The Jupyter Notebook is an open-source web application that allows you to create and share documents that contain live code, equations, visualizations and narrative text. Uses include: data cleaning and transformation, numerical simulation, statistical modeling, data visualization, machine learning, and much more.

The AWS instance will be running Anaconda distribution. I like Anaconda because it is the easiest way to perform Python/R data science and machine learning on Linux, Windows, and Mac OS X. With over 15 million users worldwide, it is the industry standard for developing, testing, and training on a single machine, enabling individual data scientists to:

Many guides online show how to set up Jupyter Notebooks on AWS, however they're mostly ClickOps; not DevOps. They require clicking around the AWS GUI, making key-pairs, manually configuring security groups, manually configuring Jupyter config files in Vim, etc. Some of these guides have 12–15 steps. The goal of this article is to automate the process of launching Jupyter Notebooks on AWS with Terraform. This guide accomplishes exactly that. This guide will create the AWS infrastructure as code (IaC) in about 10 minutes by running a couple commands.

This guide assumes you have some basic knowledge of AWS, have an AWS account, have a shared credentials file, etc. This code also assumes you're using a pretty vanilla AWS account. i.e. default VPCs, subnets, etc. However, no Terraform knowledge is required to get up and running. If you want to learn more about Terraform, I highly recommend buying Terraform Up and Running by Yevgeniy Brikman.

What this Terraform script does

This Terraform will do the following automatically:

  1. Creates a key-pair and puts it in your working directory.
  2. Creates a AWS Security Group that is pre-configured for Jupyter Notebooks.
  3. Creates a AWS Instance using the latest Amazon Linux 2 AMI.
  4. Creates a EBS volume for Anaconda Python distribution.
  5. Attaches the EBS volume to the instance.
  6. Mounts the EBS instance as /anaconda3
  7. Downloads Anaconda
  8. Installs Anaconda
  9. Sets the environment variable for Anaconda, python, jupyter, etc
  10. Configures the Jupyter Notebook config file for use with AWS.

Install Terraform

MacOS Users:

I use HomeBrew to install Terraform.

Install it by running the following command:

/usr/bin/ruby -e "$(curl -fsSL https://raw.githubusercontent.com/Homebrew/install/master/install)"

After installing HomeBrew, run brew install terraform in the Terminal application of your choice. I highly recommend iTerm2.

Linux Users:

Linux users should use LinuxBrew. Follow the installation instructions from that website if you are a Linux user. It's a little more cumbersome than the MacOS installation, so I'm going to leave the steps out.

After installing LinuxBrew, run brew install terraform in the Terminal application of your choice.

Windows Users

Windows users; you're on your own. I don't use Windows.
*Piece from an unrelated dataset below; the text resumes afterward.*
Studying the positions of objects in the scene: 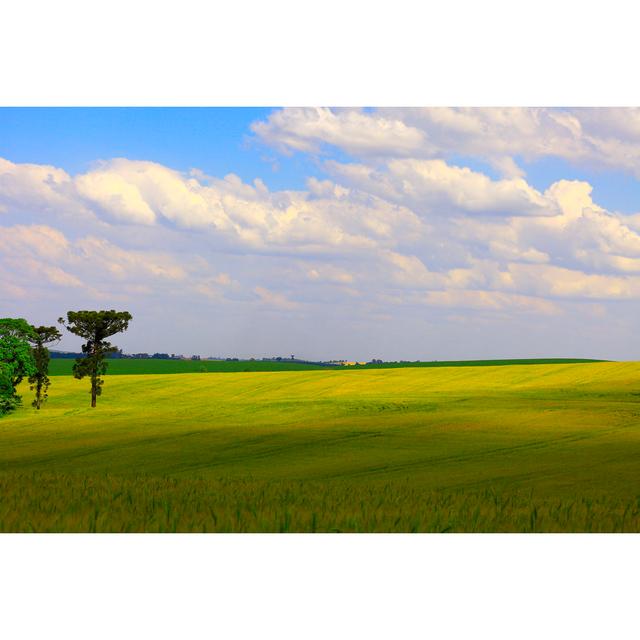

Find some documentation online and figure it out yourself. :)

Shared Credentials File

This scrips assume you're using a shared credentials file in ~/.aws/.

You'll need to create an IAM user with programmatic access, place the aws_access_key and aws_secret_access_key in ~/.aws/credentials. I recommend also putting in a default region inside ~/.aws/config.

For more information see:

File Structure

.
├── main.tf
├── output.tf
├── script.sh
└── var.tf

main.tf

This is the main Terraform file. It includes all the resources created in AWS.

output.tf

This is where you can have Terraform output certain attributes after it has completed running.

script.sh

This is a bash shell script that executes when the EC2 instance is created. It does some lower level Linux stuff and takes care of:

  1. Creating a log file for debugging.
  2. Updates Amazon Linux 2 packages.
  3. Mounts the EBS volume as /anaconda3.
  4. Edits the fstab file inside Amazon Linux 2 to ensure the volume is mounted after a reboot.
  5. Downloads and installs Anaconda.
  6. Creates and configures the Jupyter Notebook config file to make Jupyter Notebook AWS friendly.

var.tf

This is where Terraform stores variables used in main.tf.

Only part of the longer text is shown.